Injunction denied as trademark used in descriptive manner

In Expobicentenario SA v Arte Gráfico Editorial Argentino SA (Case 3201/10, August 19 2010), the Court of Appeals has refused to issue an injunction against use of the phrase 'Argentina 200 años' by the defendant.
Plaintiff Expobicentenario SA owned the trademark ARGENTINA 200 AÑOS, registered for goods and services in Classes 16, 35 and 41 of the Nice Classification. Defendant Arte Gráfico Editorial Argentino SA, probably the biggest media corporation in Argentina, published a supplement of the Clarín newspaper in commemoration of the 200th anniversary of the Argentine independence using the expression 'Clarín Bicentenario 1810-2010', as well as 'Argentina 200 años' ('Argentina 200 years').

The plaintiff sought an injunction preventing the defendant from using the phrase 'Argentina 200 años'. The defendant argued that CLARÍN was a well-known trademark and was distinctive.
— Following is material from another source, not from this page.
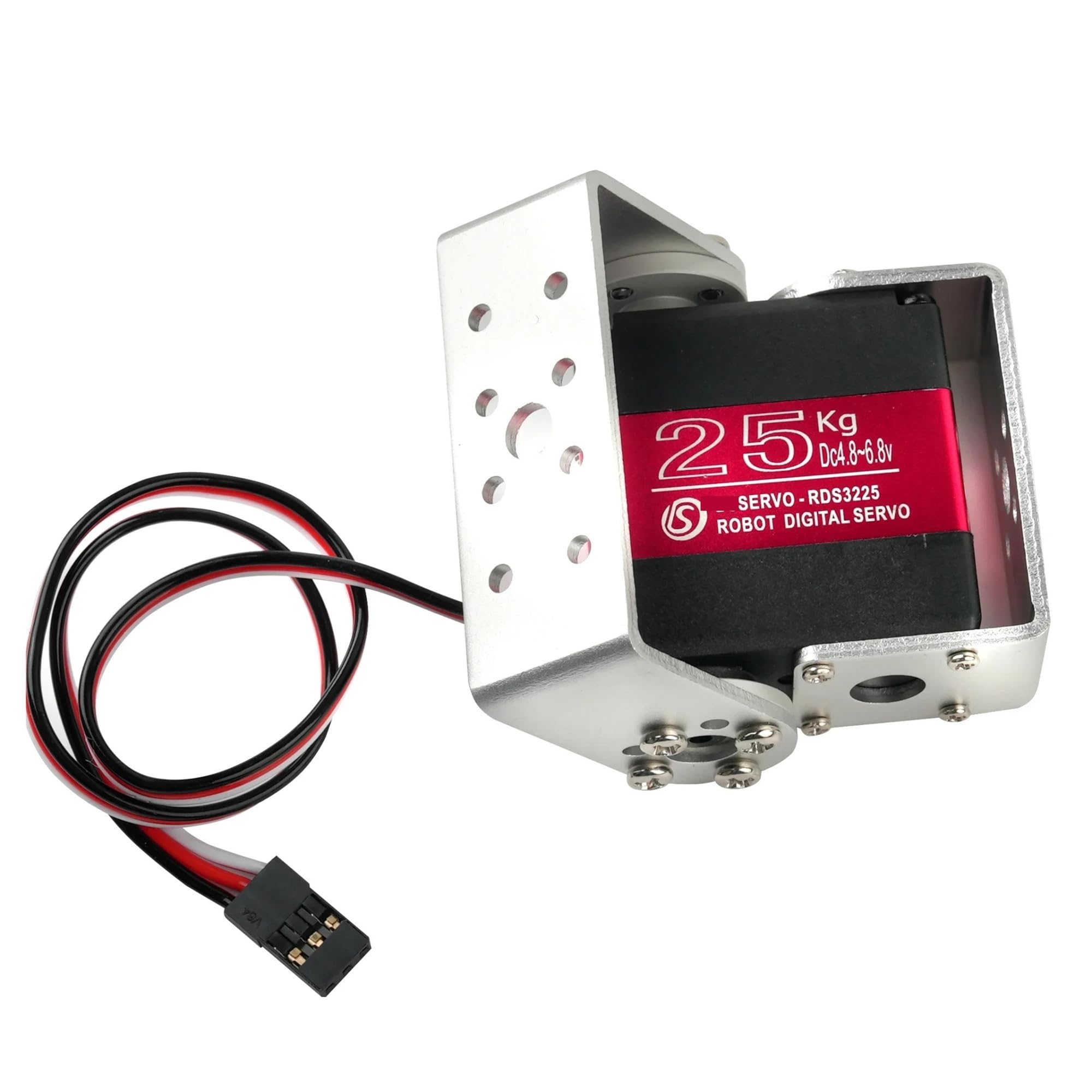 Cyfrowy serwomechanizm robotyczny z metalowym przekładnią RS3225 25 kg, 6 V, podwójny wał, montaż U, 180/270 stopni, 1/2/4 szt. (2 szt. 270 stopni)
The Court of Appeals denied the injunction, despite the defendant's use of the registered trademark ARGENTINA 200 AÑOS. The court stated that, according to doctrine, “use of a third party’s mark in a non-typical manner is not necessarily illegal”. Here, the phrase 'Argentina 200 años' was not used as a trademark, but in a descriptive way.

According to the court, the presumption that freedom of expression should be limited when a phrase contains a trademark must be rejected when the mark is not used in a distinctive way. Such use does not fall within the scope of protection of the trademark.